I assumed I’d chosen a bad place to start my explorations from, as there was no clear path from the old woods road, labelled Chapman Road, to the brook, much less to the old house site. Apparently, though, I wasn’t alone in having to bushwhack, as the piece’s author found it equally tough going from his starting point on Wyassup Road.  I made my way to the brook, and then bushwhacked my way upstream to the mill site, and then up a steep embankment to the house site. Bottom line—I found it! And then, like an idiot, rather than retrace my steps, which were tough but not ridiculously so, I decided to attempt a straight line back to the woods road. Suffice it to say I came out of the ordeal rather the worse for wear… all scratched up and with twigs and bits of crap in my hair and clothes. There are places in the woods that are pretty much impenetrable. I know. I’ve been through them. (I’ve included a map at the bottom of this post that illustrates my travels.)

Cinnabar Chanterelles

Cinnabar Chanterelles

Before I went all Daniel Boone and blazed a path through the underbrush, I walked along the aforementioned Chapman Road and along the way I found a nice little stand of these Cinnebar Chantarelle mushrooms (Cantharellus cinnabarinus), but they were tiny—way too small to collect.

Old Sawmill Site

Old Sawmill Site

I think this is the old sawmill site. It’s a little hard to see in the photo, but there are some very solid-looking built-up walls along the stream here.

View Upstream

View Upstream

Again, a little hard to make out, but this is a view up Wyassup Brook. You can kind of make out the rock work lining the banks. Oh, and you can see how tangled and messy the stream banks were to try to follow. I ended up crossing the brook in a couple of places where the going was easier on the far bank. And for once I was grateful for the drought! It would have been much more difficult crossing the brook if the water was at its normal level. Also, you can see the steep-sided embankment on the left. The top of that is where the old mill house site could be found.

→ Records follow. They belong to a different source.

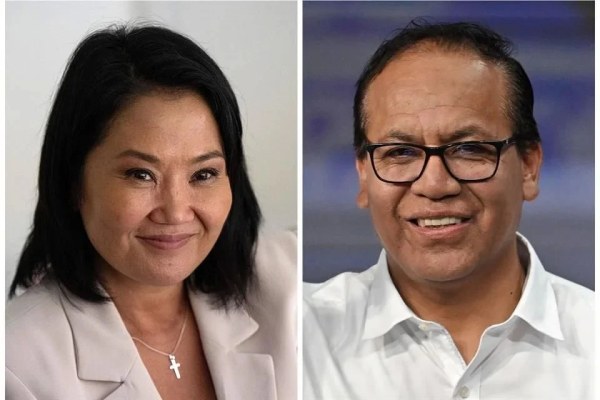 Lidera Fujimori segunda vuelta frente a izquierdista en Perú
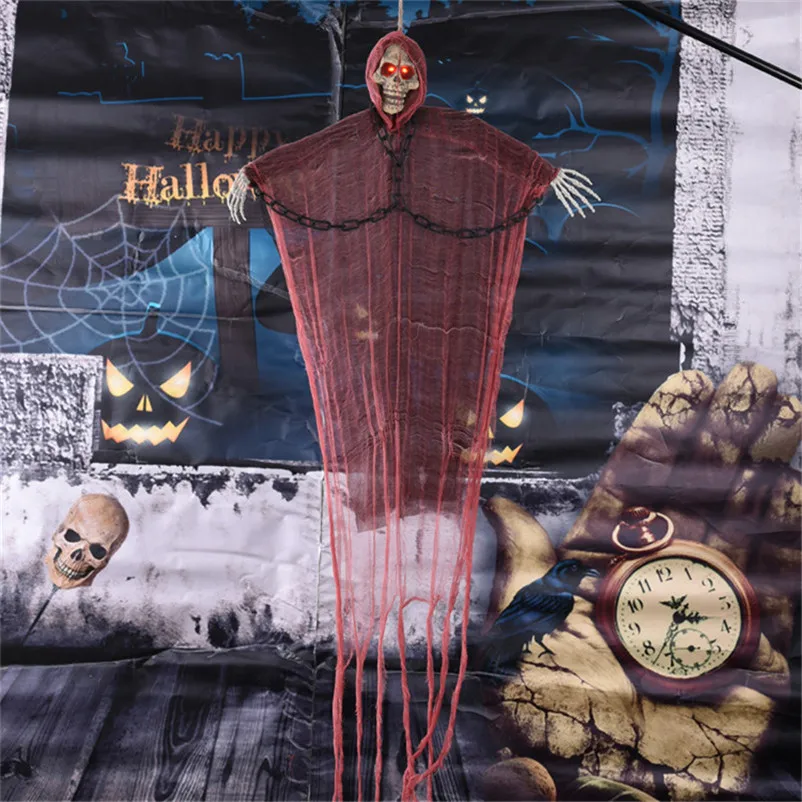 

Halloween Decoration Hanging Ornament Large Ghost Doll Halloween Party Decor Supplies Devil Lighting Creepy Eyes Horror Props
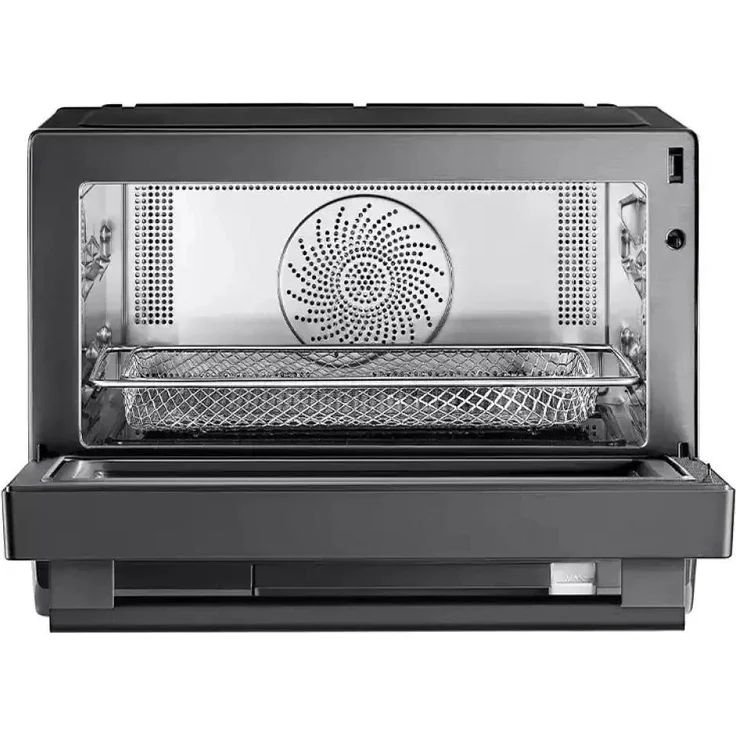 Midea MSO25H 4v1, Mikrowelle mit 25 L, 1000 W, Heißluft und Grill, Schwarz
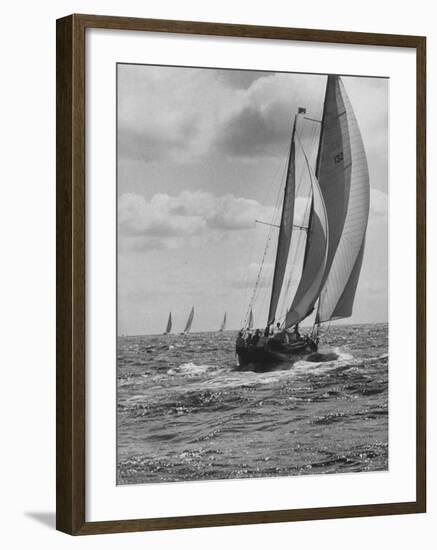 Friday Race Underway from Newport, Rhode Island to Vineyard Haven, Massachusetts-Walter Sanders-Framed Photographic Print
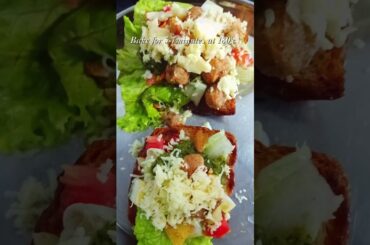 Healthy bread recipe #vegetrian #vegan#vegetarianrecipes #foodie #veganrecipies #breadpizza #bread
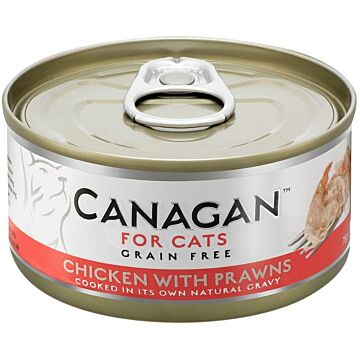 Canagan Grain Free Canned Cat Food - Chicken with Prawns 75g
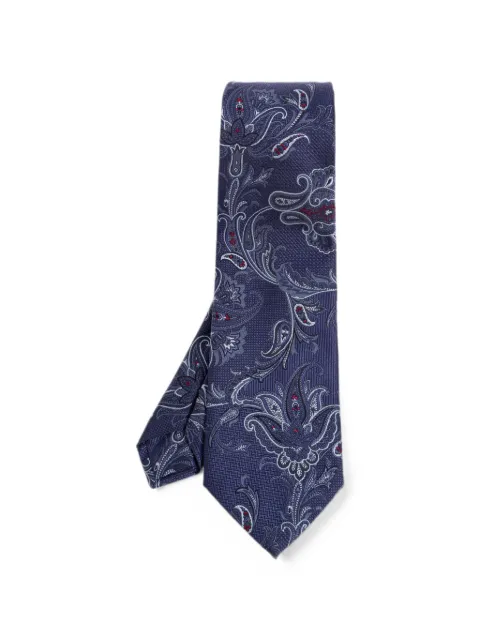 ETRO paisley silk tie Blue MASA0001AQ11X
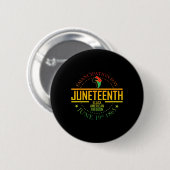 African American Freedom Black Geschiedenis 19 jun Ronde Button 5,7 Cm (Voorkant /achterkant)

House Site with External Fireplace

House Site with External Fireplace

And here it is! I was so happy to find this, I can’t tell you. It was really hard going to get here, and turned out to be even harder going to get back.

Old Hemlock with Reishi Mushrooms attached

Old Hemlock with Reishi Mushrooms attached

On the way back I did manage to find this amazing old hemlock snag with a massive amount of Reishi mushrooms (Ganoderma tsugae). They were, unfortunately, very old, and very high up. Way over my head, to be sure! They would have been worth collecting, otherwise. The Reishi mushroom family has been used as medicine for millennia, and has been found to promote wound healing and also to have anti-tumor properties. It’s basically inedible, because it’s so hard and woody, but teas and tinctures are made from it.

Here is the map of my travels through the woods. Good luck to anyone who tries to follow the “bushwhacked” part! As I mentioned above, Chapman Road is an old woods road, and can be found along the southwestern edge of an area of “rabbit-tat,” or forest which has been cleared to promote early successional growth to provide habitat for the New England Cottontail rabbit. It crosses a gas pipeline easement about 1/4 mile in.